# Elecsol Battery experience



## Vennwood (Feb 4, 2007)

Hi All,

Does anyone have any experience with using the Elecsol batteries?

Ours must be due for replacement soon and was considering swapping for these.


----------



## neilbes (Oct 16, 2006)

yes i have used them for three years and find them very good.
no probs so far


----------



## steco1958 (Mar 5, 2009)

Recently purchased a 2nd, and now have a 2 battery array, don't forget to register for your 5 year warranty.

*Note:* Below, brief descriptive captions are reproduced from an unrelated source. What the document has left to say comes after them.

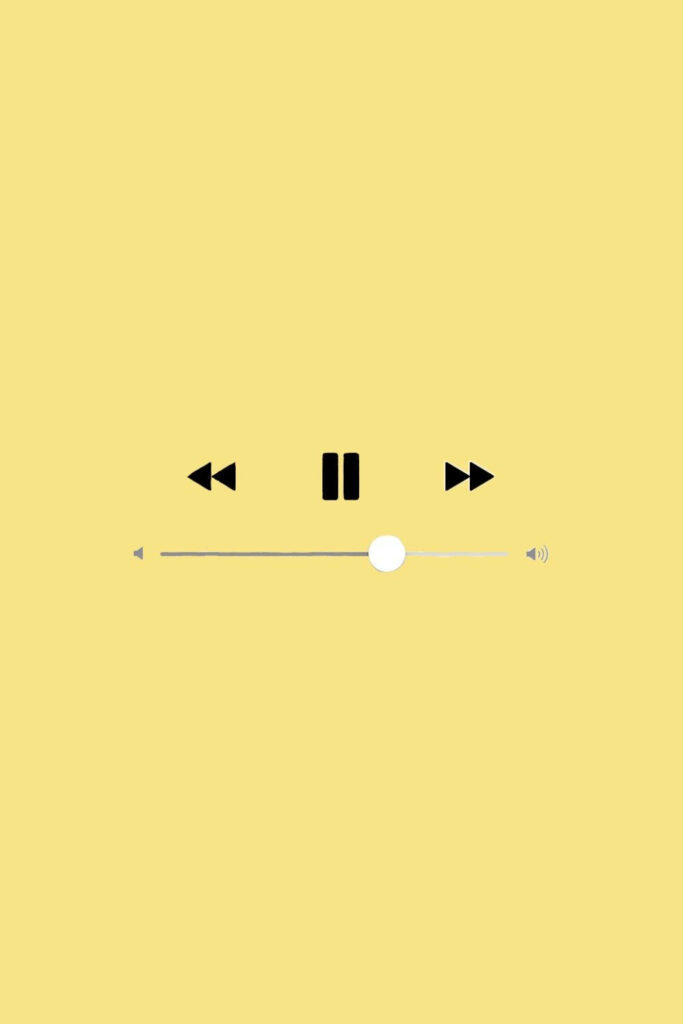 Serene Yellow Minimalistic Music Player Wallpaper Background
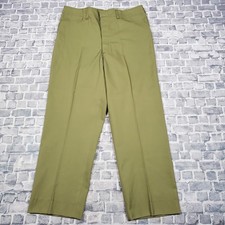 Vtg Boy Scouts Of America Pants 32x26 Green Official Uniform Pleated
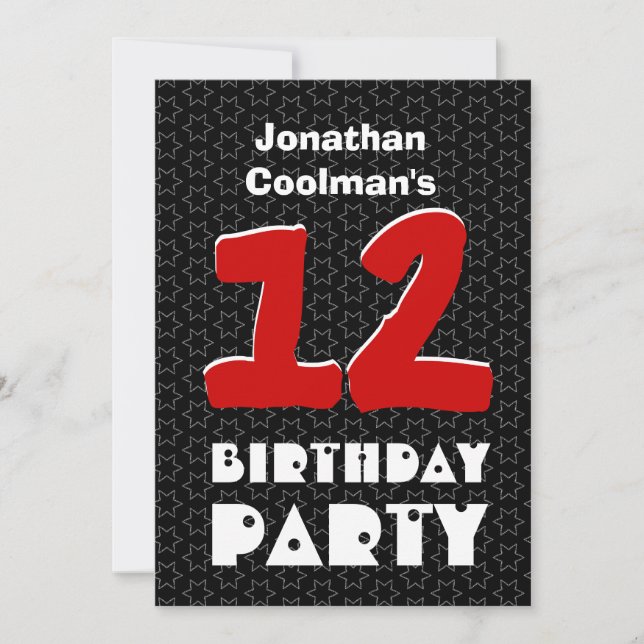 Convite 12 Birthday Modern Teen Black White Stars W03AC (Frente)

PS, Why do you thing they are due for renewing,,if you treat them right, dont over charge and dont allow them to discharge fully, they can last for a long long time.


----------



## JeanLuc (Jan 13, 2007)

We have had 2 x 110 Ah Elecsol for almost a year now. So far very good. One benefit that made me choose them is their size. An Elecsol 110 Ah is no taller than the 80 Ah Exide Gels that were fitted by Hymer. Height is limited in the underfloor battery box and most LA batteries are too tall.

Philip


----------



## wilse (Aug 10, 2007)

yeah, thumbs up from me also 2 x 100amp


----------



## cabby (May 14, 2005)

We have just had two 110 fitted in place of our old ones that gave up the ghost rather quickly. 5 year warranty must mean something.

cabby


----------



## 94639 (May 1, 2005)

Had 2 x 100 ah fitted by Essanjay back in May. Have used them all summer without any problems.


----------



## hogan (Oct 31, 2006)

Have 2 110 Ah
Nearly 3 years old and no problems,Fitted by Vanbitz.


----------



## PAT4NEIL (Jul 21, 2007)

We have two 125amp Elecsol batteries, not had any problems yet.

Pat


----------



## davesport (Nov 12, 2006)

I've a 270 Ah/hr I fitted to my Hymer. It's charged through a Schaudt Electroblock from 180 Watts of solar.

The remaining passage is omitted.